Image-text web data
▬▬▬
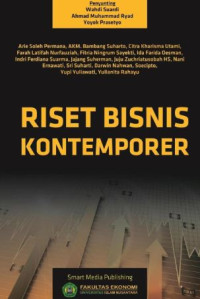 Image of Riset Bisnis Kontemporer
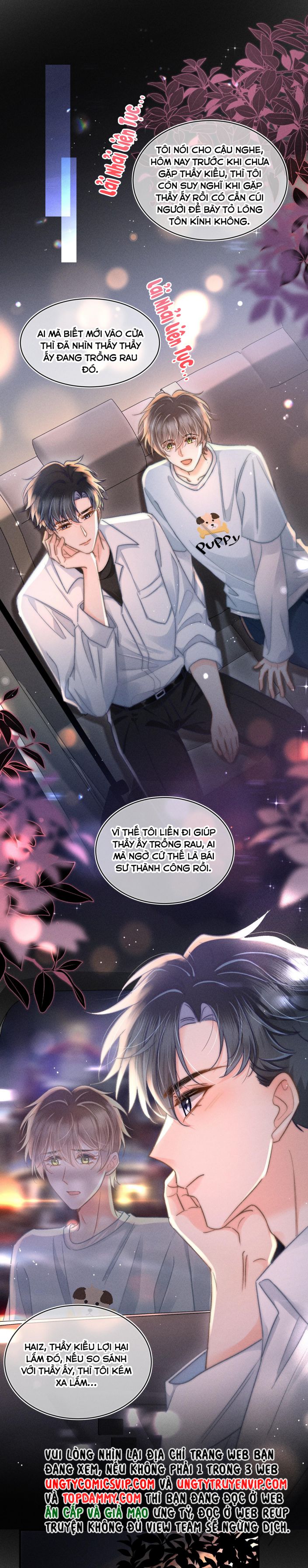 Ánh Trăng Vì Tôi Mà Đến: Chapter 39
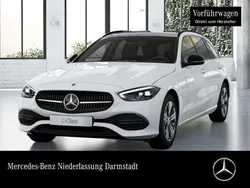 Polarweiß Gebraucht 2023 Mercedes C220 Night Kombi | 40.990 € (Fairer Preis)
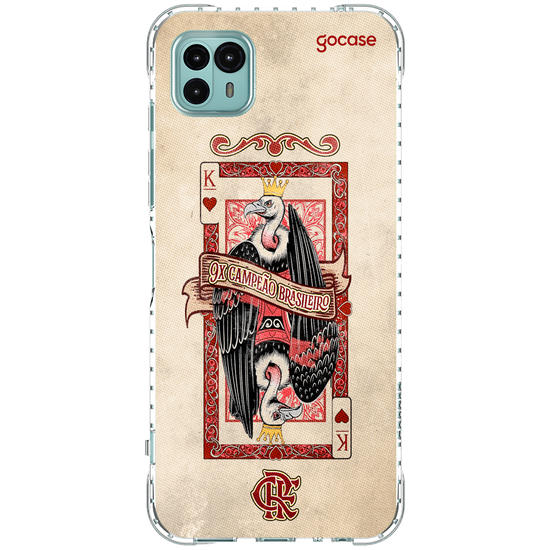 Capinha para celular  Flamengo - 9x Campeão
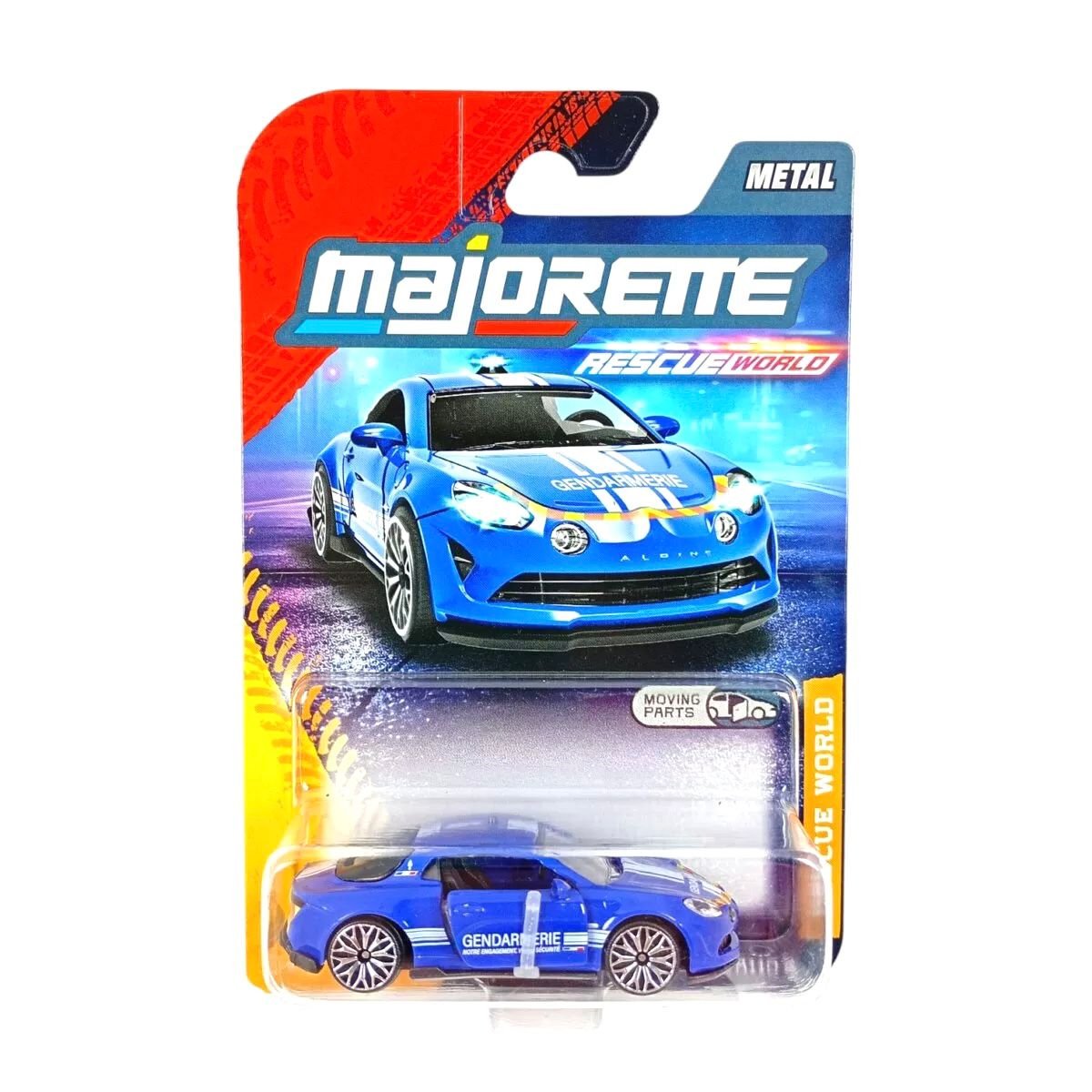 ALPINE A110S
▬▬▬
Your answer should hold every record above, printed exactly and free of pictures.

 Image of Riset Bisnis Kontemporer
 Ánh Trăng Vì Tôi Mà Đến: Chapter 39
 Polarweiß Gebraucht 2023 Mercedes C220 Night Kombi | 40.990 € (Fairer Preis)
 Capinha para celular  Flamengo - 9x Campeão
 ALPINE A110S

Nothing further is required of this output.